Five things to watch in Game 7 of the Eastern Conference finals on Saturday (8:30 p.m. ET, ESPN):
• Miami’s offense: In the flow?
The Heat had a possession early in Game 6 where they operated the way they’ll have to play more often to win Game 7 and ultimately have a realistic chance to beat the Thunder in the NBA Finals. It started with Chris Bosh holding the ball at the left elbow as LeBron James cut from the right corner, darted around two screeners and caught the ball near the foul line. LeBron’s man, Paul Pierce, had somehow fought through both screens, and so the Heat went into their next option: Bosh ran to the left corner and screened for Dwyane Wade, who came sprinting around the pick to catch a pass from James.
Boston passed that test, too, as Ray Allen managed to stick with Wade. So Miami moved on to option No. 3: a quick-hitting Wade/James pick-and-roll, which finally broke the defense. Allen had to switch onto James, who used his huge size advantage to post up the Boston guard and score.
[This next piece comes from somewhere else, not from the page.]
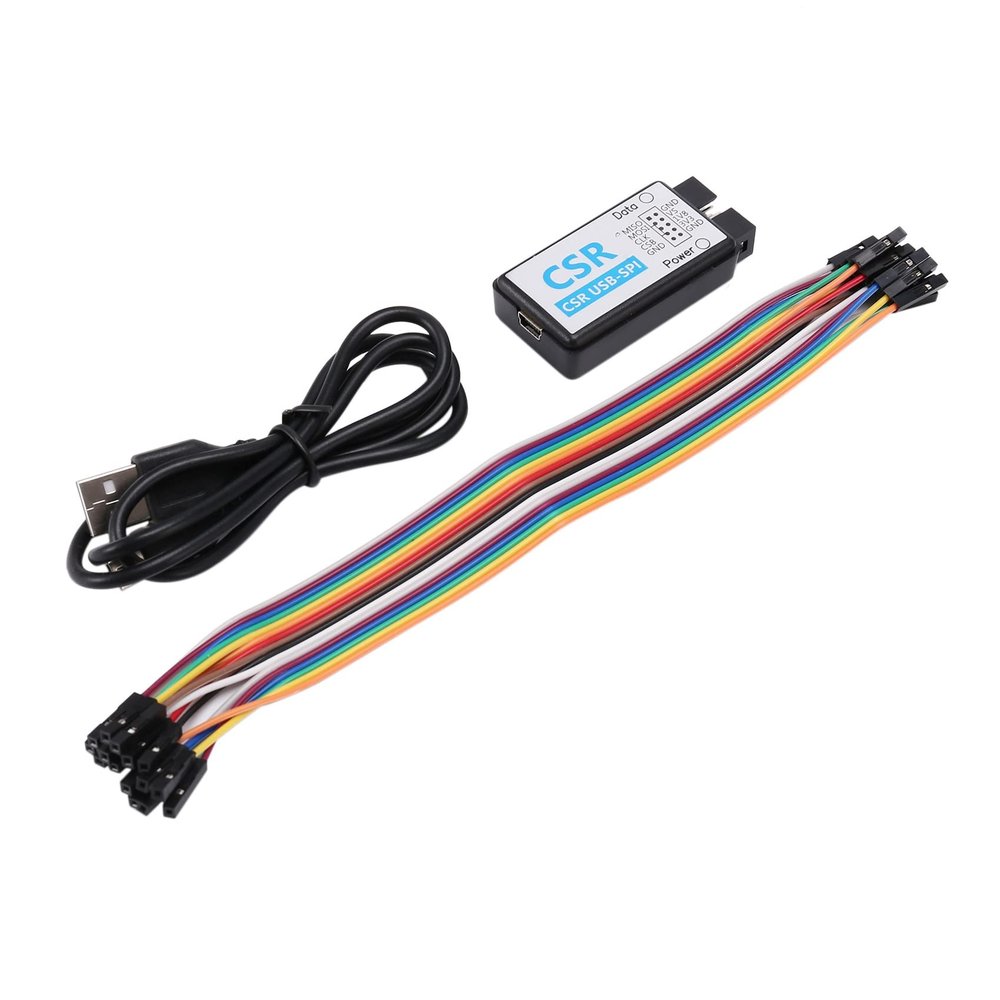Beuiouer CSR USB-SPI-S Bluetooth Burner Download Programmer Debugging Developments Tools 1.8V 3.3V New DIY, 500279100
Miami’s half-court offense has too often lacked that commitment to steps two, three and four in the conference finals. That was even the case for the most part in James’ epic explosion Thursday in Boston. Wade’s shot selection, in particular, has been awful, as he has too often settled for pull-up jumpers in transition and when coming off that first screen in the corner. Wade is 11-of-40 on mid-range shots in the series. The Heat have taken nearly 28 percent of their shot attempts from three-point range, up from 19 percent in the regular season, according to NBA.com’s stats tool. And as others have noted, an unsustainable percentage of James’ season-saving 45 points in Game 6 came on contested mid-range shots, some out of ho-hum isolation plays that Boston will happily give him almost every night.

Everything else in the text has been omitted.